Il sistema sanitario è stato irrimediabilmente indebolito dal conflitto: la metà delle strutture mediche non è ad oggi funzionante e le condizioni igienico sanitarie di migliaia di persone sono davvero precarie. Questo quadro rende ancora più concreto il rischio di malnutrizione per una larga parte della popolazione. L’intervento umanitario, in condizioni simili, assume sempre più un ruolo determinante per la sopravvivenza delle fasce più vulnerabili. Eppure può dimostrarsi parzialmente inefficace nel momento in cui subisce forti tagli economici. Nel corso degli ultimi due anni c’è stata infatti una generale riduzione dei fondi disponibili per la risposta umanitaria nello Yemen che è andata ad acuirsi a seguito della crisi in Afghanistan (agosto 2021) e ora con quella in Ucraina. “Lo scoppio della guerra in Ucraina ha comportato una minore attenzione e minori fondi disponibili per altre crisi”, racconta Leveghi, “Nonostante la popolazione che necessita di assistenza e protezione umanitaria sia aumentata da 21.7 a 24.3 milioni tra 2021 e 2022, a oggi solo il 27% dei fondi necessari per il 2022 sono stati garantiti. Questo ha comportato la riduzione o la sospensione di interventi essenziali, inclusi servizi medici fondamentali. La nostra organizzazione ne è diretta testimone: tra la fine del 2021 e luglio 2022, abbiamo dovuto sospendere il nostro supporto a circa 21 tra strutture mediche e cliniche mobili nel Paese”. 

 

I numeri della malnutrizione

 

Nel mentre, i numeri legati alla malnutrizione aumentano: sono circa 50mila i bambini che non ricevono cibo a sufficienza ogni giorno, soffrendo così di quella che viene definita malnutrizione severa. Più di 2 milioni di minori hanno raggiunto il livello di malnutrizione acuta, la stessa in cui vivono anche 1,3 milioni di donne in stato di gravidanza o allattamento. 4.6 milioni di persone non hanno accesso all’acqua potabile. Da dicembre del 2020, si registra un aumento del 29% della popolazione in stato di crisi alimentare, parliamo di circa 18 milioni di persone (fonte OCHA).

 

“Lo scorso anno, in tutte le aree dove siamo operativi, abbiamo fornito servizi di nutrizione a circa 265mila persone, intervenendo sia con attività di prevenzione che di cura. Abbiamo così raggiunto oltre 53mila bambini al di sotto dei cinque anni, curandone più di 3mila in stato di malnutrizione acuta.
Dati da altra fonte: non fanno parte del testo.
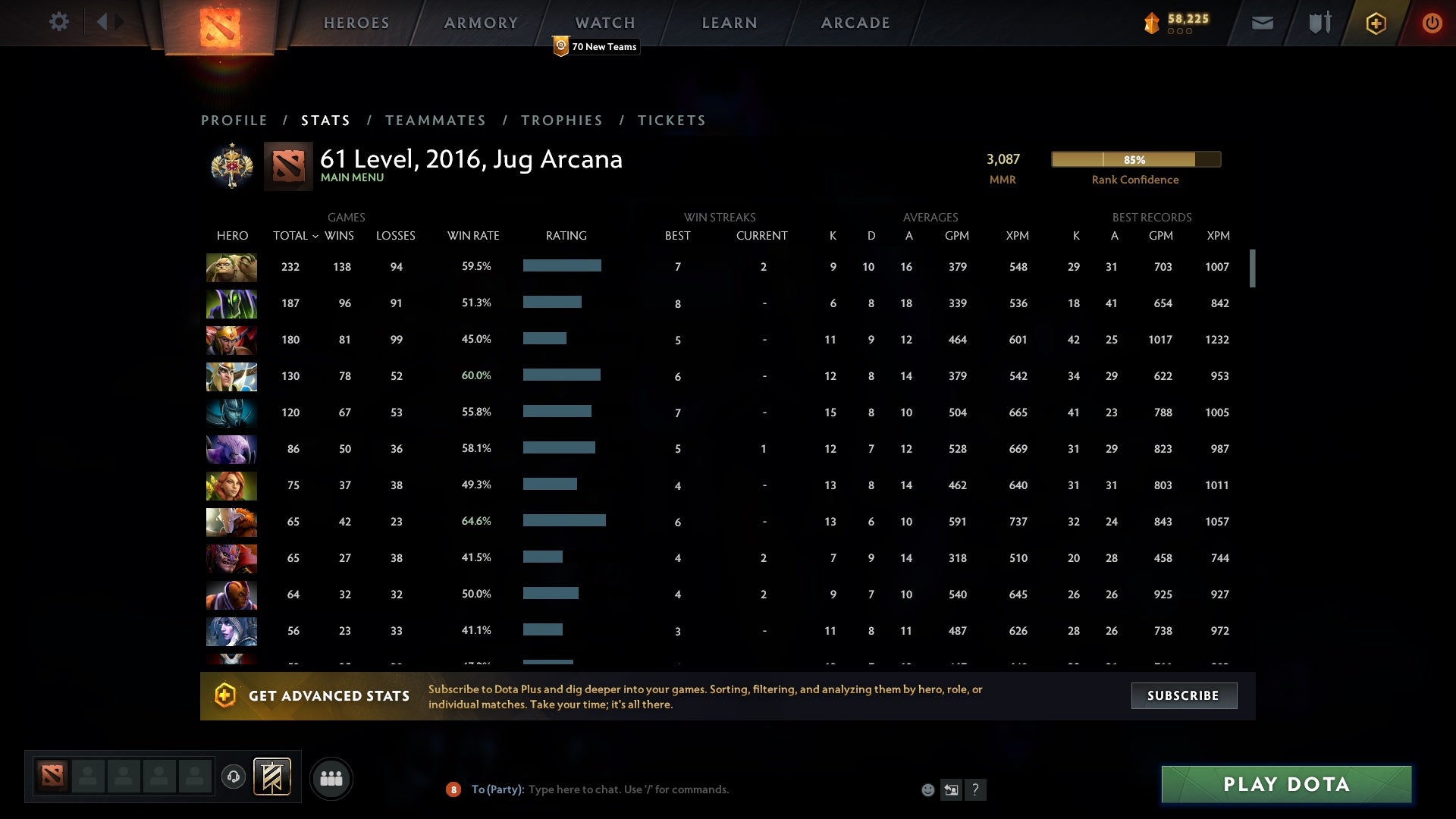 Legend I | MMR: 3087 - Behavior: 10000 - Communication: 10000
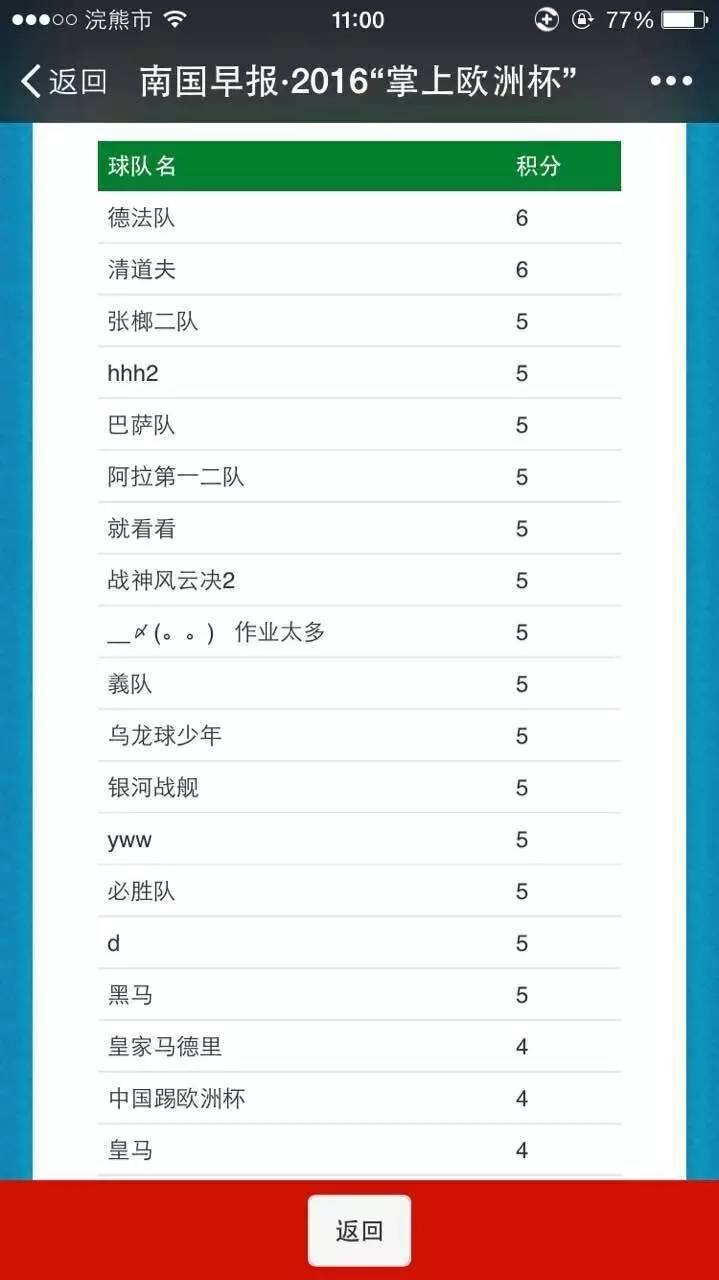 神啦！广西这人能将欧洲杯3个进球队员纳入麾下，冲击6.8万大奖！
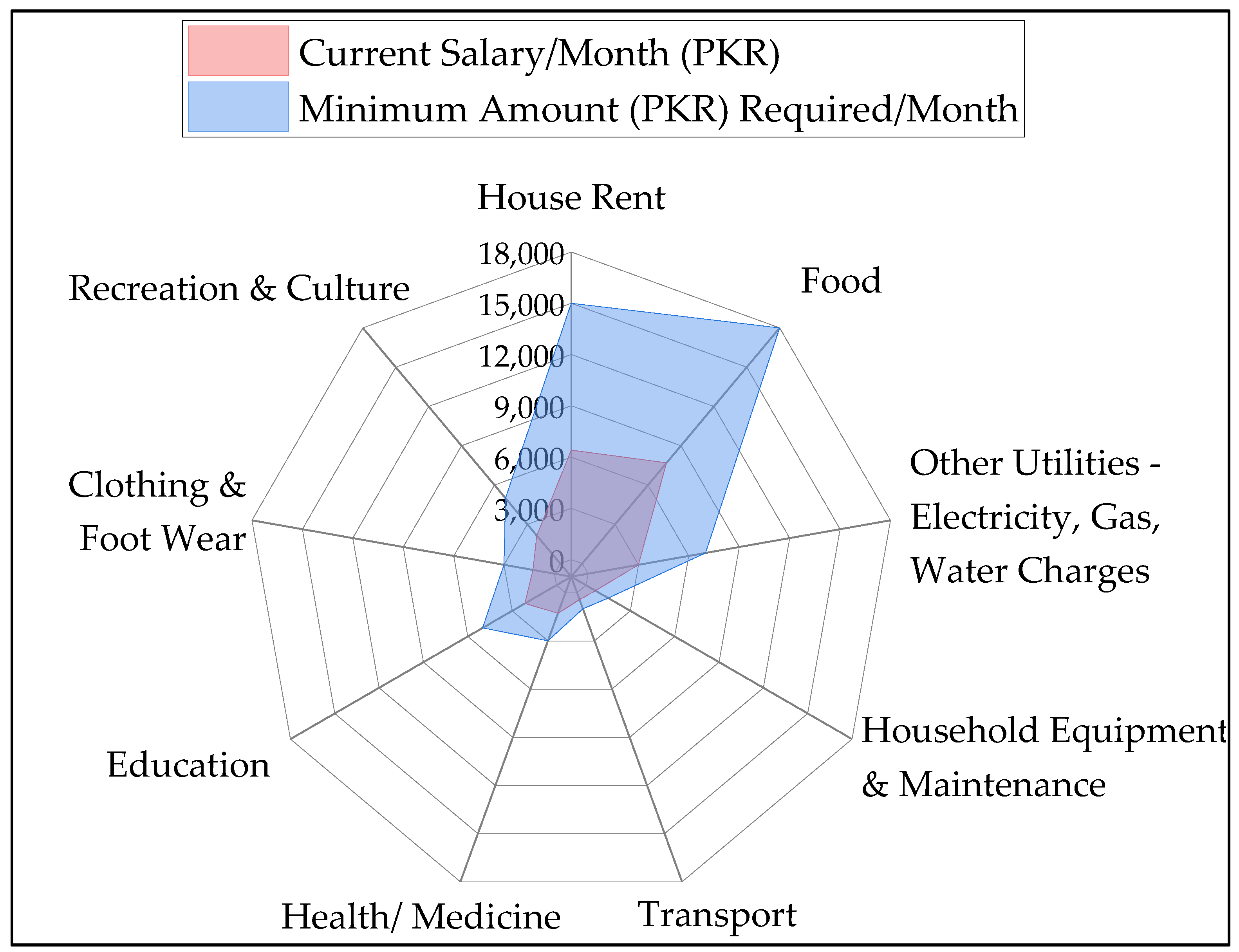 Sustainability 15 06281 g003 Sustainability 15 06281 g003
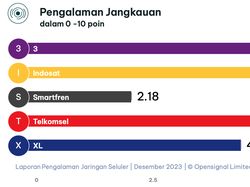 Analisis OpenSignal Ungkap Operator Terbaik: Telkomsel-XL-Indosat-Smartfren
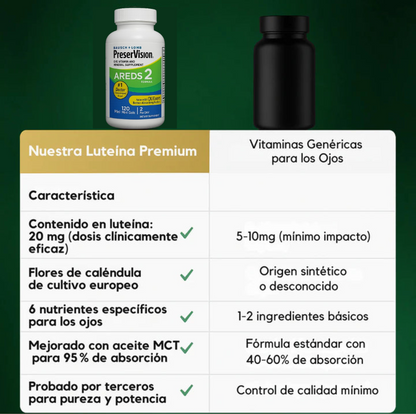Preservision Vitaminas 120 cápsulas. Dile ADIOS al cansancio visual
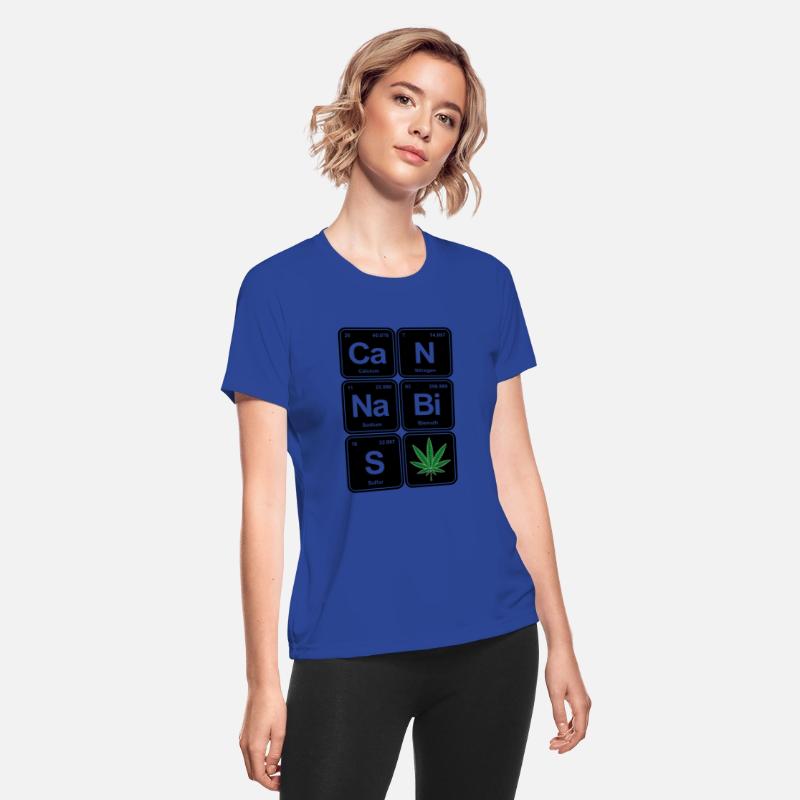 Periodic table of marijuana weed cannabis plant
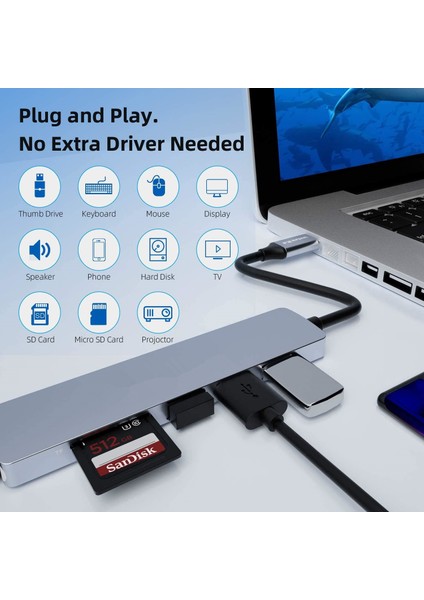 Type-C To 3xUSB 3.0 4K Ultra HD HDMI Sd Kart Girişli 6in1 Çevirici Hub Adaptör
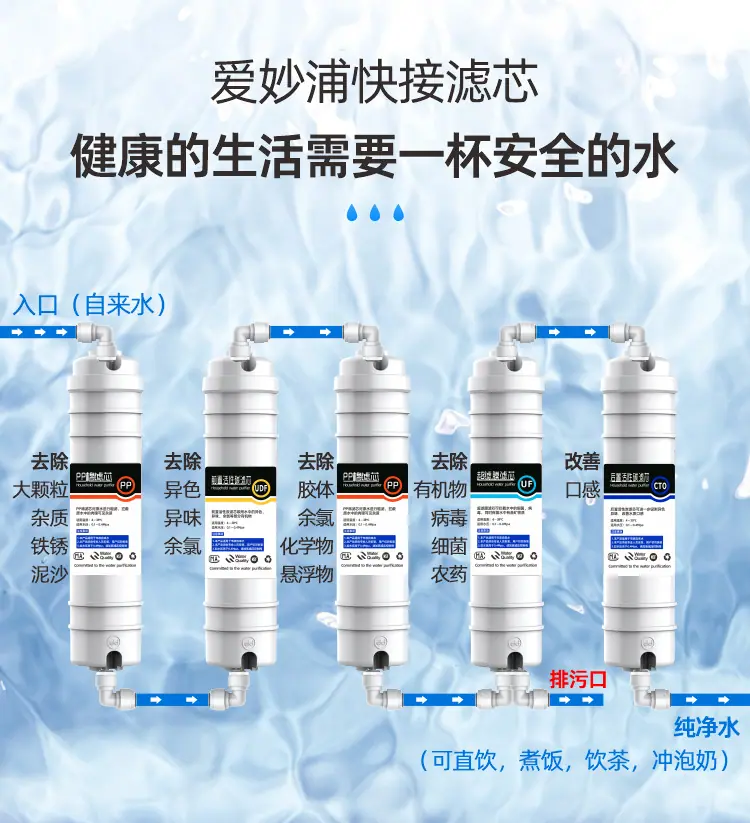 10寸快接滤芯通用详情03
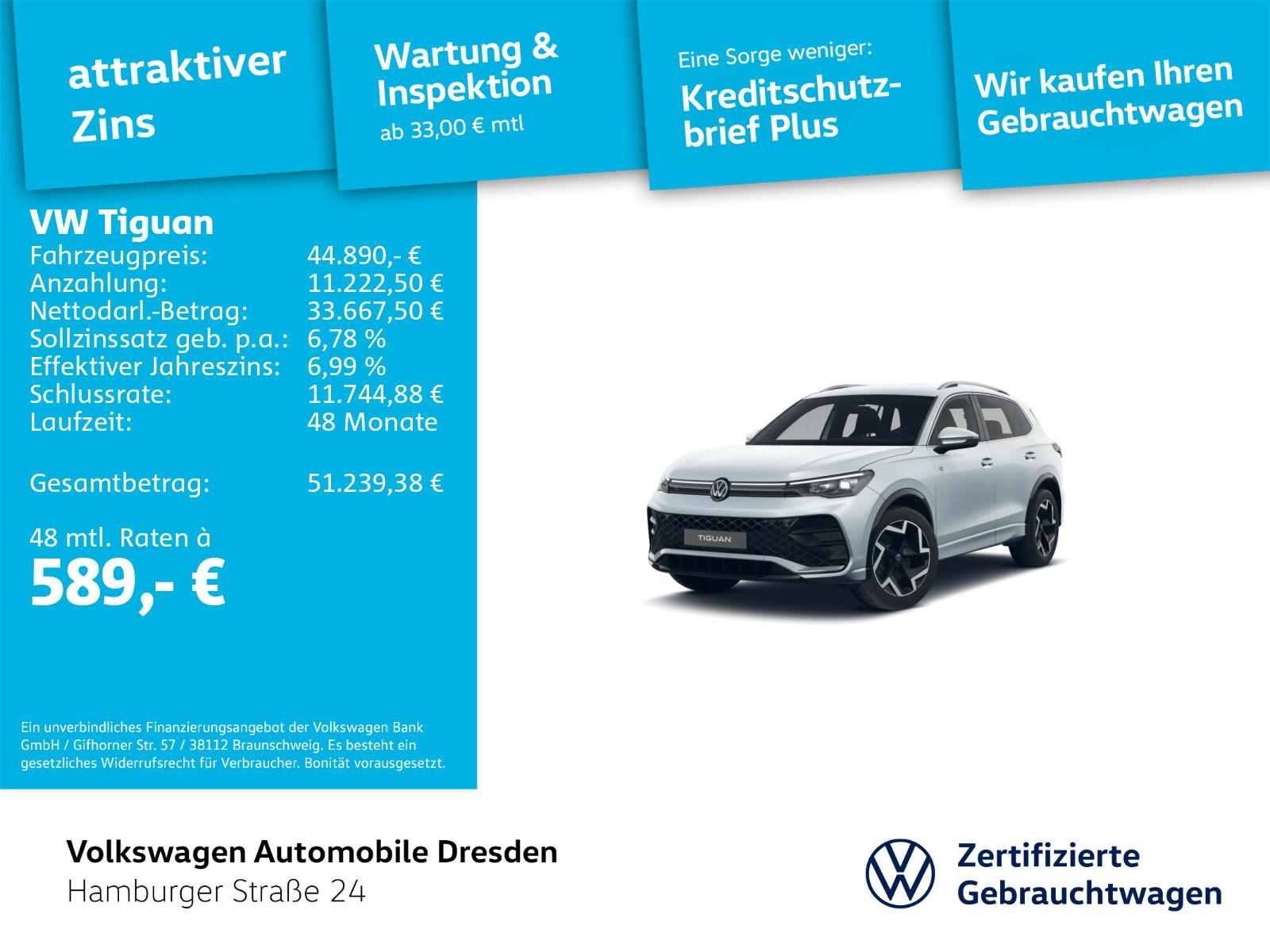 Volkswagen Tiguan 2.0 TDI R-Line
E poi ci sono le donne in allattamento o gravidanza che si trovano in stato di malnutrizione: nel 2021, ne abbiamo curate più di 2mila, spiega Leveghi. 

 

In una situazione in peggioramento, le ultime analisi prevedono che circa 160mila persone entro la fine dell’anno si troveranno in stato di carestia, la fascia più grave per quanto riguarda gli stati di insicurezza alimentare. “Una fase acuta che le organizzazioni umanitarie da sole non riusciranno a contrastare senza un reale intervento da parte della comunità internazionale, con la guerra in Ucraina che non fa che aggravare la situazione” conclude Leveghi.